**Exercise brief:** Please retype the entries that follow exactly as they are, leaving the images behind.

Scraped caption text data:

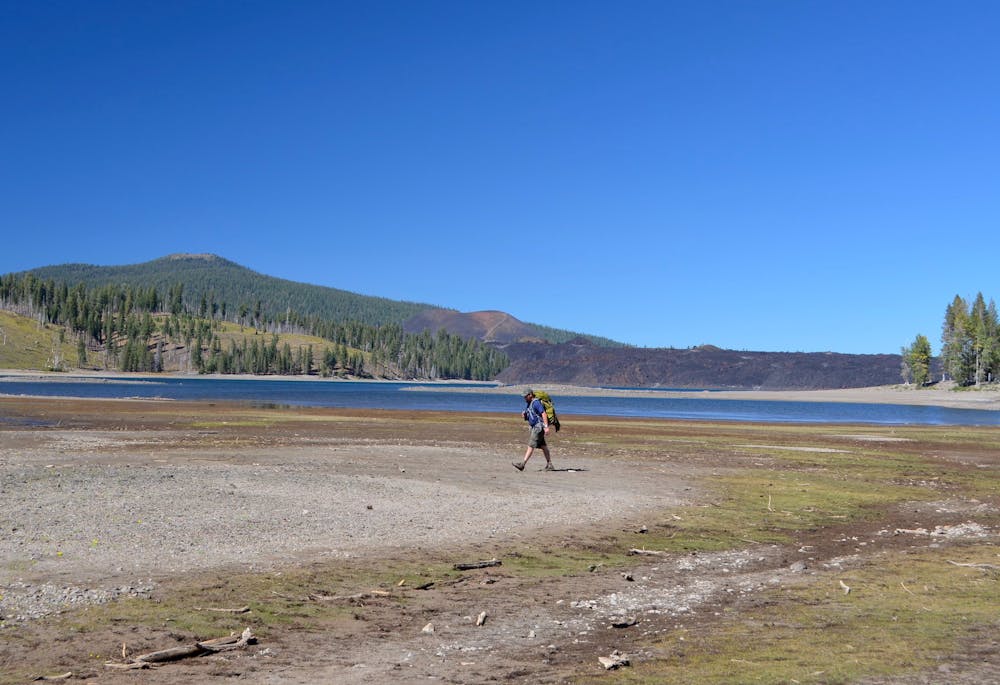 Backpacker near the shore of Snag Lake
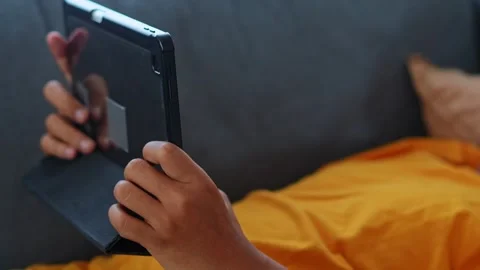 Close-up of hands using tablet screen while lying and relaxing on sofa Stock Footage 346029561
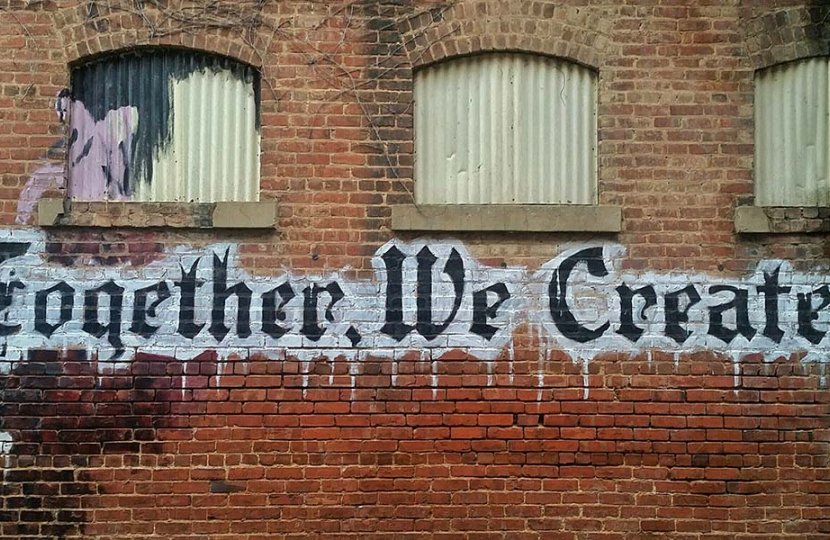 Brick wall with art that reads "Together We Create!"
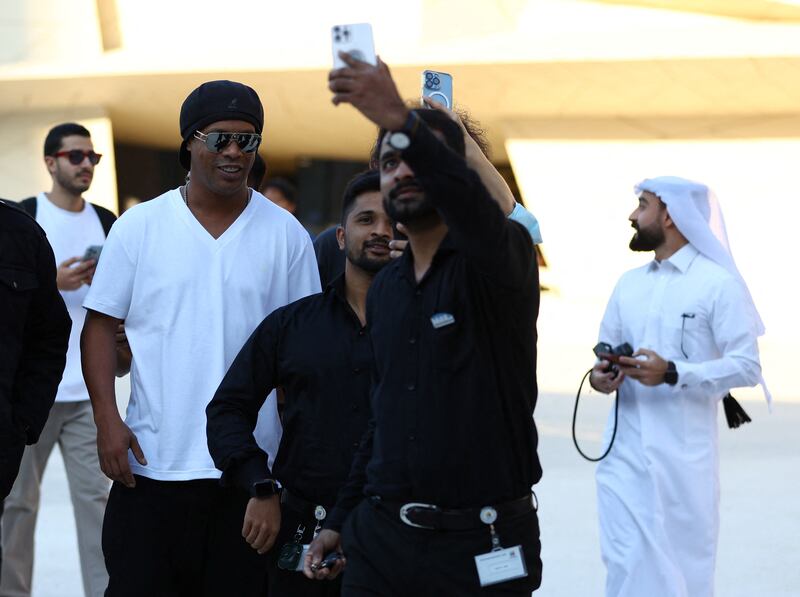 Former Brazil footballer Ronaldinho has been meeting supporters in Doha. Reuters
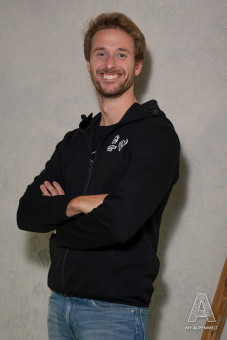 Black zipper jacket with hood. Hannes Alm and Susi Alm logo on the front left.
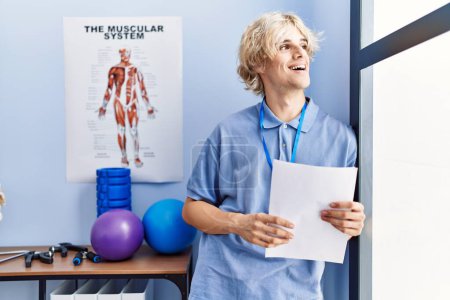 Photo for Young blond man pysiotherapist smiling confident reading document at rehab clinic - Royalty Free Image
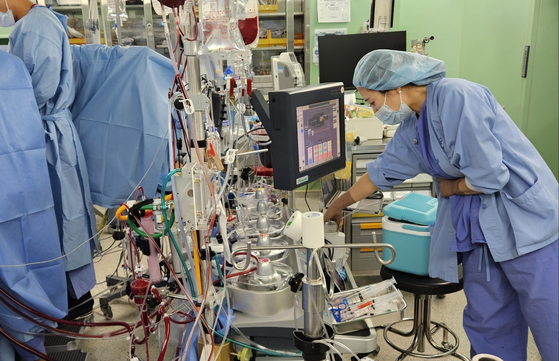 Oh Ji-young, a clinical perfusionist, operates a heart-lung machine during cardiac surgery. Perfusionists manage more than 10 devices during procedures, including a heart-lung machine, autotransfusion system and temperature regulator, while monitoring over six screens. [CHAE HYE-SEON]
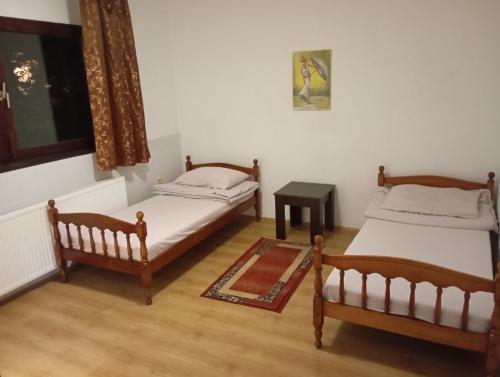 Postel nebo postele na pokoji v ubytování Zamak
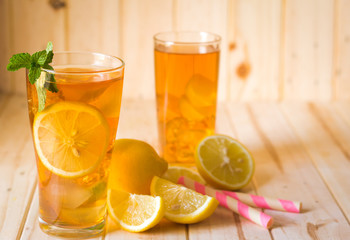 Glasses of ice tea with lemon slices and mint on wooden background
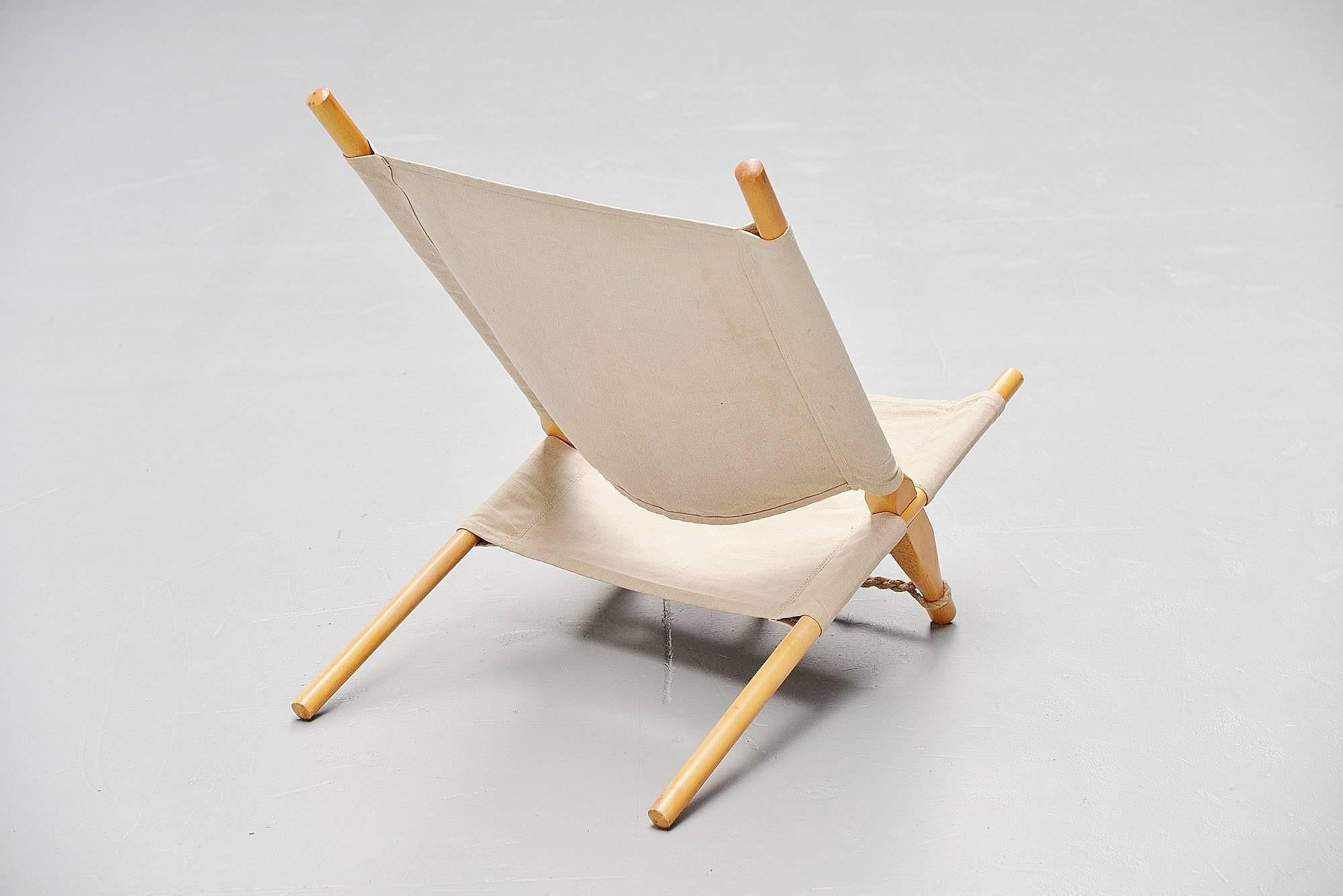 Very nice dynamic low lounge chair designed by Ole Gjerlov Knudsen, manufactured by Cado, Denmark, 1958. The chair has a birch wooden frame existing in four parts sliding in each other to change the angle if wanted. The canvas seat and the rope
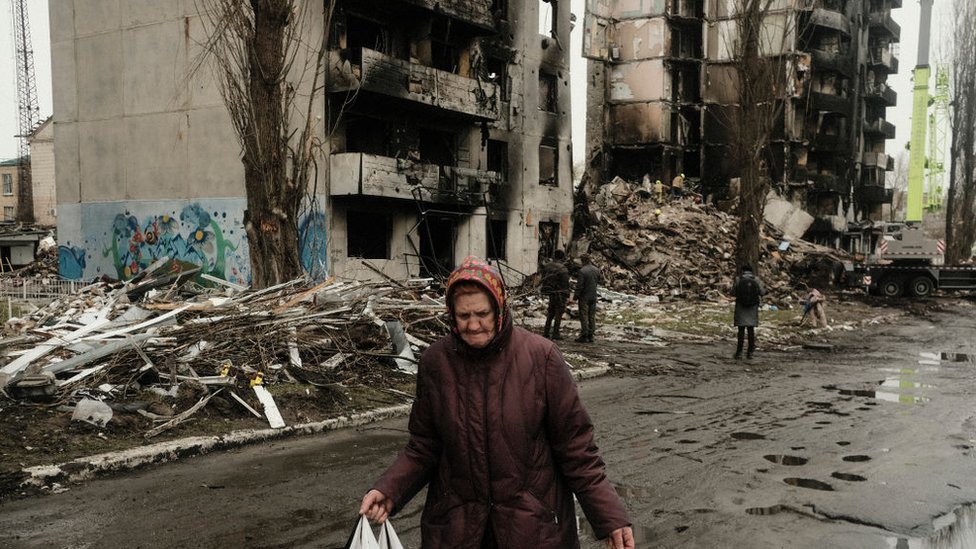 Una mujer pasa frente a edificios bombardeados en Borodyanka, Ucrania, 10 de abril 2022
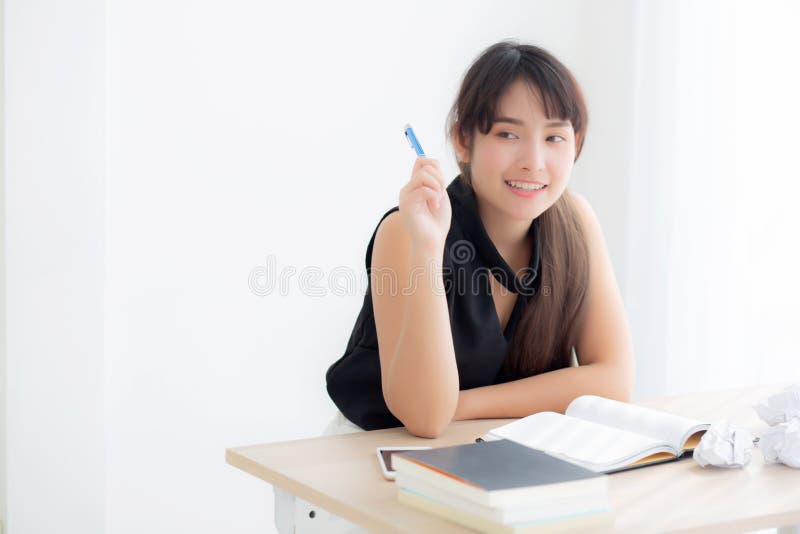 Beautiful asian woman writer smiling thinking idea writing on notebook diary with planning working on desk office royalty free stock photos Beautiful asian woman writer smiling thinking idea writing on notebook diary with planning working on desk office royalty free stock photos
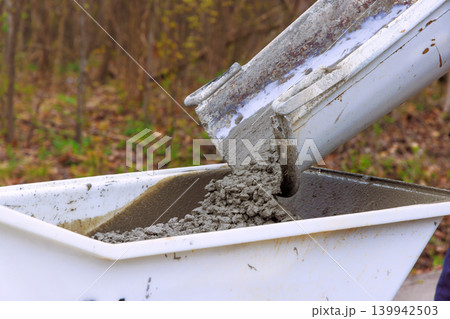 Workers use chute to pour fresh concrete into dumper wheelbarrow on an active construction site 139942503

**Response area:**
 Backpacker near the shore of Snag Lake
 Close-up of hands using tablet screen while lying and relaxing on sofa Stock Footage 346029561
 Brick wall with art that reads "Together We Create!"
 Former Brazil footballer Ronaldinho has been meeting supporters in Doha. Reuters
 Black zipper jacket with hood. Hannes Alm and Susi Alm logo on the front left.
 Photo for Young blond man pysiotherapist smiling confident reading document at rehab clinic - Royalty Free Image
 Oh Ji-young, a clinical perfusionist, operates a heart-lung machine during cardiac surgery. Perfusionists manage more than 10 devices during procedures, including a heart-lung machine, autotransfusion system and temperature regulator, while monitoring over six screens. [CHAE HYE-SEON]
 Postel nebo postele na pokoji v ubytování Zamak
 Glasses of ice tea with lemon slices and mint on wooden background
 Very nice dynamic low lounge chair designed by Ole Gjerlov Knudsen, manufactured by Cado, Denmark, 1958. The chair has a birch wooden frame existing in four parts sliding in each other to change the angle if wanted. The canvas seat and the rope
 Una mujer pasa frente a edificios bombardeados en Borodyanka, Ucrania, 10 de abril 2022
 Beautiful asian woman writer smiling thinking idea writing on notebook diary with planning working on desk office royalty free stock photos Beautiful asian woman writer smiling thinking idea writing on notebook diary with planning working on desk office royalty free stock photos
 Workers use chute to pour fresh concrete into dumper wheelbarrow on an active construction site 139942503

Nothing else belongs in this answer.